Exercise description
In the data below, find the line containing "Villino Perla Villa Otrante", then set down that line and every later line up to and including the line containing "4339 Bright Sun Street San Antonio TX 78217", exactly.

Input
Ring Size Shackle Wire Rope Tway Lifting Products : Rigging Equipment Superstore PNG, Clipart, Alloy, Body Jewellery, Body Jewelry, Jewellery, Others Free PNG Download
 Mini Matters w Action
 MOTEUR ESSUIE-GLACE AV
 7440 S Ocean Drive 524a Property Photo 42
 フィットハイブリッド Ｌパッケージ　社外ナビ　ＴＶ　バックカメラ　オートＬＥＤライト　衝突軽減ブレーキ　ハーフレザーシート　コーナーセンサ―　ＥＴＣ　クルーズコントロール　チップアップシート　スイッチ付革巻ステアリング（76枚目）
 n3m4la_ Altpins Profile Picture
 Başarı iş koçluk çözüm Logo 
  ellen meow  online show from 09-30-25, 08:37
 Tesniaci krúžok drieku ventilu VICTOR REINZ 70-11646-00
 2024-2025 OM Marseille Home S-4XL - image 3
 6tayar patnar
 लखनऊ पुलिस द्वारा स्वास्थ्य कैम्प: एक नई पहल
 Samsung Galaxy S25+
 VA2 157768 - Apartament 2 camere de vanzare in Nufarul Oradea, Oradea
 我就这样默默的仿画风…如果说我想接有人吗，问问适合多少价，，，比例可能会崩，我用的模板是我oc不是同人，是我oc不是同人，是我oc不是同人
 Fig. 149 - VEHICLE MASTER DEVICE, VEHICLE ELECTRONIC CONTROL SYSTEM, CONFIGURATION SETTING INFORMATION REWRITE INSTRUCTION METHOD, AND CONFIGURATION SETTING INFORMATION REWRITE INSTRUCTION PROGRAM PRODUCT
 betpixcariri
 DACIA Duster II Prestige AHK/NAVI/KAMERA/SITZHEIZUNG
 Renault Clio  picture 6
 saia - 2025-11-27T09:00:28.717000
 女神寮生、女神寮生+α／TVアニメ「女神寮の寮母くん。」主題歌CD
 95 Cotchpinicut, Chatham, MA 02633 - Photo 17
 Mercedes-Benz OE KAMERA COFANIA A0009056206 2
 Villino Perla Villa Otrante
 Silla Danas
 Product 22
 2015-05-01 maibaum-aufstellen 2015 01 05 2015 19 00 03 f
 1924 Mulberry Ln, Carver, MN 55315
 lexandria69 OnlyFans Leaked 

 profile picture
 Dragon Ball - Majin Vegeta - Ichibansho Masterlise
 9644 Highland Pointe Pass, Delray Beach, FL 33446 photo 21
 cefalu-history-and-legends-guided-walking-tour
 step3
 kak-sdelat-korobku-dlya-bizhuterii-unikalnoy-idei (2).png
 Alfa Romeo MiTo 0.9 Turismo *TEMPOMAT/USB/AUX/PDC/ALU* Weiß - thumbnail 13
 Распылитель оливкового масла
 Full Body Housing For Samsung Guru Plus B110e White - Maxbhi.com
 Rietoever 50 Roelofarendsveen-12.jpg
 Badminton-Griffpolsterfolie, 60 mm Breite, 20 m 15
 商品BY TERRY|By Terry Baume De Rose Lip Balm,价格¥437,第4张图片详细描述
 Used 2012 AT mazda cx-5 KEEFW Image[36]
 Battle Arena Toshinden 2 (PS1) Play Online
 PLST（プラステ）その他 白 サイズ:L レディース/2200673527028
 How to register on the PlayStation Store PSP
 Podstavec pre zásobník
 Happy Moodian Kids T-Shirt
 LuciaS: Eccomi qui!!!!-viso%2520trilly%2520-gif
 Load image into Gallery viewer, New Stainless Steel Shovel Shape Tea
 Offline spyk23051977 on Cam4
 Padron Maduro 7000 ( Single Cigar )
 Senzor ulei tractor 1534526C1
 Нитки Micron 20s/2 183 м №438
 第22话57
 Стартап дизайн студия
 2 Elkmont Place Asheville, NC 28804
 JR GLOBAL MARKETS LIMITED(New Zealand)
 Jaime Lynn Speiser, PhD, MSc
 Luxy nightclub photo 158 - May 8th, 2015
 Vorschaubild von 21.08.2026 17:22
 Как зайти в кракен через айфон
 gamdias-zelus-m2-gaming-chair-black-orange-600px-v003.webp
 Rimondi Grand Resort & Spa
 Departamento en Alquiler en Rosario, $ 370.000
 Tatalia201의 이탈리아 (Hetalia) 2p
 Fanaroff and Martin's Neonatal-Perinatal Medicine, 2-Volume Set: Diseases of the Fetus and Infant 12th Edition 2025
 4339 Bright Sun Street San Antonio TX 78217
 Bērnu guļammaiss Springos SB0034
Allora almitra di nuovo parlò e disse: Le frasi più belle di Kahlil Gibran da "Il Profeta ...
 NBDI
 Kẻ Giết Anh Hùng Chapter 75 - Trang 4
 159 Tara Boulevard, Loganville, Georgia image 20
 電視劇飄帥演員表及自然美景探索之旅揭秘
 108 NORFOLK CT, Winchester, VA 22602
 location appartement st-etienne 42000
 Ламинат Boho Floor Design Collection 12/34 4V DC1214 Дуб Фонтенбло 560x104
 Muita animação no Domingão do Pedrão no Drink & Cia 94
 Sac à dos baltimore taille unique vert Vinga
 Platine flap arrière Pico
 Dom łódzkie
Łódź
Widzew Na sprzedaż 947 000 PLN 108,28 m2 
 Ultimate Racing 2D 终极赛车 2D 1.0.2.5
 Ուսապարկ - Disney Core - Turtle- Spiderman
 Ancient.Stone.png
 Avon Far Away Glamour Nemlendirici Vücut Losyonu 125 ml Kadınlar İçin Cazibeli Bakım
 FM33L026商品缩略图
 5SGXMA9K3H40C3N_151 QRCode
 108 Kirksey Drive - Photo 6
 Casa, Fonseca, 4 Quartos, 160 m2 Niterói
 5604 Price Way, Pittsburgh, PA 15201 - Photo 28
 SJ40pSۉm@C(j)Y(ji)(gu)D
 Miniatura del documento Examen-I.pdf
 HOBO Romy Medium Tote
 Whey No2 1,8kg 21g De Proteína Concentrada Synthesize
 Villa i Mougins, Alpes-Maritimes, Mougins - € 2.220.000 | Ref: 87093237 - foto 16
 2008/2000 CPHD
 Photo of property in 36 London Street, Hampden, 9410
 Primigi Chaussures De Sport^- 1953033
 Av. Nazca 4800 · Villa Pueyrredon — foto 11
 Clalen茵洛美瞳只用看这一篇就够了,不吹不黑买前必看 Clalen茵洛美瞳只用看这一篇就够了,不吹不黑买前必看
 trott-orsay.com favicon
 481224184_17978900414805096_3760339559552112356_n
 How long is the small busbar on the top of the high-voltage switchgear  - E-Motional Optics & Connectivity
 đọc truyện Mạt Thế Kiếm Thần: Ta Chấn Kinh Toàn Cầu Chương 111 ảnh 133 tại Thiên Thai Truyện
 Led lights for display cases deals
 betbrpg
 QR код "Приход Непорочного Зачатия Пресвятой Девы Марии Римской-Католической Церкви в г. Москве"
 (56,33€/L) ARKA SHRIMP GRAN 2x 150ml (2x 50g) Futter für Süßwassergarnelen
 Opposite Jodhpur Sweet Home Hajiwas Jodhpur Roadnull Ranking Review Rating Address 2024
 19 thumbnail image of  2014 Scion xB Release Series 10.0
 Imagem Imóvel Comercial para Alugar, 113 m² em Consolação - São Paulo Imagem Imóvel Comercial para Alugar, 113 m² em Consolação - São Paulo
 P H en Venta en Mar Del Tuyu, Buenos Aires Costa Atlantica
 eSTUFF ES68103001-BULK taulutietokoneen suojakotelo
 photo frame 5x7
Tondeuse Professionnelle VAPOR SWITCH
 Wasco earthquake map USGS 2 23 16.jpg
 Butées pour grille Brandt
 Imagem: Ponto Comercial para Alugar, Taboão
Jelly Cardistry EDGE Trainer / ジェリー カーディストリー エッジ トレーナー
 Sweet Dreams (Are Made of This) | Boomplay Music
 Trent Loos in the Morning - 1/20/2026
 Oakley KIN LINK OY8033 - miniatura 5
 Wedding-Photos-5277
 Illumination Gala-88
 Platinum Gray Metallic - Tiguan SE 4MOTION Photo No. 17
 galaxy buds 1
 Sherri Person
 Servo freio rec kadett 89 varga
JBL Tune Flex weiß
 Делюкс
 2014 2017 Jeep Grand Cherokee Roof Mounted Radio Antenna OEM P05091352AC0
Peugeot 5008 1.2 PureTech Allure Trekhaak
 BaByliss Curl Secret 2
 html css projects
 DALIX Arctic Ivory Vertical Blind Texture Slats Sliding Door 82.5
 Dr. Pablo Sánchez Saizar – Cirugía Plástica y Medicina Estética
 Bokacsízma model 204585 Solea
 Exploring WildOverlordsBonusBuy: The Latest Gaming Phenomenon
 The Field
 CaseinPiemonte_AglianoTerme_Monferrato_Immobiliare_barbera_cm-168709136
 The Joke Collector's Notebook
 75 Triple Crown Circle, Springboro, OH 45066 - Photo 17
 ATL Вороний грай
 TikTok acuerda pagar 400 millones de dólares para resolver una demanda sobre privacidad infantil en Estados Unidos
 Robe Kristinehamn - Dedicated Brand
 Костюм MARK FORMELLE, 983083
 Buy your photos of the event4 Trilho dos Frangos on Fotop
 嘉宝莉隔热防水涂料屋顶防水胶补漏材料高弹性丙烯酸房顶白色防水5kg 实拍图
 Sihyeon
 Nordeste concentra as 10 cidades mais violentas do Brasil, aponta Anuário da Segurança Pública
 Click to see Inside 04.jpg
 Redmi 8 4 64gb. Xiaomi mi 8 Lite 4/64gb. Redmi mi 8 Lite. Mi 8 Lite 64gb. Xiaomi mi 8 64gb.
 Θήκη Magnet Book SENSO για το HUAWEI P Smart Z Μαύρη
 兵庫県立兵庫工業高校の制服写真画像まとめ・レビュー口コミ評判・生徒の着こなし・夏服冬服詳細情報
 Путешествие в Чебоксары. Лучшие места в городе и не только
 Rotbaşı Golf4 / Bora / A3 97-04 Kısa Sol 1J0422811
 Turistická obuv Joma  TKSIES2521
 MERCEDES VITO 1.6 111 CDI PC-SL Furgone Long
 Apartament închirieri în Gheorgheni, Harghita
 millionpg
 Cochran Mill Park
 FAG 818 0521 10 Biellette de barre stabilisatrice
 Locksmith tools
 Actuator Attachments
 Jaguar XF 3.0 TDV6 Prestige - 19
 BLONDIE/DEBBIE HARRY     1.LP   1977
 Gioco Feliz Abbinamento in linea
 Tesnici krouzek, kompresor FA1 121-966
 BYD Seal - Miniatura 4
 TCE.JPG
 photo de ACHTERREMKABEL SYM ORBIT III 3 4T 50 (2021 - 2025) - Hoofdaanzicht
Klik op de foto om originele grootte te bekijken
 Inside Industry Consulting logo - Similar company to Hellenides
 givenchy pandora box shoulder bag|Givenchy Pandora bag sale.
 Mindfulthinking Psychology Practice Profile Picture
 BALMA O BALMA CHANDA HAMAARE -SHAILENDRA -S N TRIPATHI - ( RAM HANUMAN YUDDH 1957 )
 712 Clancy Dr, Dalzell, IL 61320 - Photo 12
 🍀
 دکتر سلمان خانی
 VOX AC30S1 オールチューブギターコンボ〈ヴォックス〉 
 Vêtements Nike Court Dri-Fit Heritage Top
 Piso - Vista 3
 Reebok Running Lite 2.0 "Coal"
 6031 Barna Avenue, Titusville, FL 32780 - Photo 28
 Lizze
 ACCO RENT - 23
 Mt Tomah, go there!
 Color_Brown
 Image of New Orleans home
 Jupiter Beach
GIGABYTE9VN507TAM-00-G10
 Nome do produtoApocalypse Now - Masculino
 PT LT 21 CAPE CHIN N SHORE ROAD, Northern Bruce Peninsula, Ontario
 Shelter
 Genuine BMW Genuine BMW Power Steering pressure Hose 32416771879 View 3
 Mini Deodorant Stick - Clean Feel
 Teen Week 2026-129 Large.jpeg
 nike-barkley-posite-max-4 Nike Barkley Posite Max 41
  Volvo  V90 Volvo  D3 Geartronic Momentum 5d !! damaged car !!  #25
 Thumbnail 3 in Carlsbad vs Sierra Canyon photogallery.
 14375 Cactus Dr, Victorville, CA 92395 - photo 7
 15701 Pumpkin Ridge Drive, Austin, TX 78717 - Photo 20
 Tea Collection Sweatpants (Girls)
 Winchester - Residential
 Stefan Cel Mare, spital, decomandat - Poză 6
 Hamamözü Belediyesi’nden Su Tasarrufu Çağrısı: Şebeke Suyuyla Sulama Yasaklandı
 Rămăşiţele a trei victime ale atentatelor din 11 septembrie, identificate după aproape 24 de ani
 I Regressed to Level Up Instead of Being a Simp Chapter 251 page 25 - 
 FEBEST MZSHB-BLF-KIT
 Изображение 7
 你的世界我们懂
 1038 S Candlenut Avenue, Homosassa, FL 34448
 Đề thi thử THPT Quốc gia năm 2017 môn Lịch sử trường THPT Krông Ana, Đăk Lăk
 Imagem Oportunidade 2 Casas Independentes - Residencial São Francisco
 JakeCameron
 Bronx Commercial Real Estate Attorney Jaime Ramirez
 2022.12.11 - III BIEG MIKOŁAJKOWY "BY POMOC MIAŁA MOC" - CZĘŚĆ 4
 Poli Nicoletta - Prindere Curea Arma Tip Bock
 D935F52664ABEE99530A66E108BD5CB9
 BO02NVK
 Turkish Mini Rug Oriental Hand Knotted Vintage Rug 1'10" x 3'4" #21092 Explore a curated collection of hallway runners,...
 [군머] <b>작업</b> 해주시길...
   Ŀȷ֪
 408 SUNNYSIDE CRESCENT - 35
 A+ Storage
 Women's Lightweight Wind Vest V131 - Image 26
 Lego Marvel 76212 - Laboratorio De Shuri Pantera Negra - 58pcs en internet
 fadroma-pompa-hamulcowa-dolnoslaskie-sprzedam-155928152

Output for this task
 Villino Perla Villa Otrante
 Silla Danas
 Product 22
 2015-05-01 maibaum-aufstellen 2015 01 05 2015 19 00 03 f
 1924 Mulberry Ln, Carver, MN 55315
 lexandria69 OnlyFans Leaked 

 profile picture
 Dragon Ball - Majin Vegeta - Ichibansho Masterlise
 9644 Highland Pointe Pass, Delray Beach, FL 33446 photo 21
 cefalu-history-and-legends-guided-walking-tour
 step3
 kak-sdelat-korobku-dlya-bizhuterii-unikalnoy-idei (2).png
 Alfa Romeo MiTo 0.9 Turismo *TEMPOMAT/USB/AUX/PDC/ALU* Weiß - thumbnail 13
 Распылитель оливкового масла
 Full Body Housing For Samsung Guru Plus B110e White - Maxbhi.com
 Rietoever 50 Roelofarendsveen-12.jpg
 Badminton-Griffpolsterfolie, 60 mm Breite, 20 m 15
 商品BY TERRY|By Terry Baume De Rose Lip Balm,价格¥437,第4张图片详细描述
 Used 2012 AT mazda cx-5 KEEFW Image[36]
 Battle Arena Toshinden 2 (PS1) Play Online
 PLST（プラステ）その他 白 サイズ:L レディース/2200673527028
 How to register on the PlayStation Store PSP
 Podstavec pre zásobník
 Happy Moodian Kids T-Shirt
 LuciaS: Eccomi qui!!!!-viso%2520trilly%2520-gif
 Load image into Gallery viewer, New Stainless Steel Shovel Shape Tea
 Offline spyk23051977 on Cam4
 Padron Maduro 7000 ( Single Cigar )
 Senzor ulei tractor 1534526C1
 Нитки Micron 20s/2 183 м №438
 第22话57
 Стартап дизайн студия
 2 Elkmont Place Asheville, NC 28804
 JR GLOBAL MARKETS LIMITED(New Zealand)
 Jaime Lynn Speiser, PhD, MSc
 Luxy nightclub photo 158 - May 8th, 2015
 Vorschaubild von 21.08.2026 17:22
 Как зайти в кракен через айфон
 gamdias-zelus-m2-gaming-chair-black-orange-600px-v003.webp
 Rimondi Grand Resort & Spa
 Departamento en Alquiler en Rosario, $ 370.000
 Tatalia201의 이탈리아 (Hetalia) 2p
 Fanaroff and Martin's Neonatal-Perinatal Medicine, 2-Volume Set: Diseases of the Fetus and Infant 12th Edition 2025
 4339 Bright Sun Street San Antonio TX 78217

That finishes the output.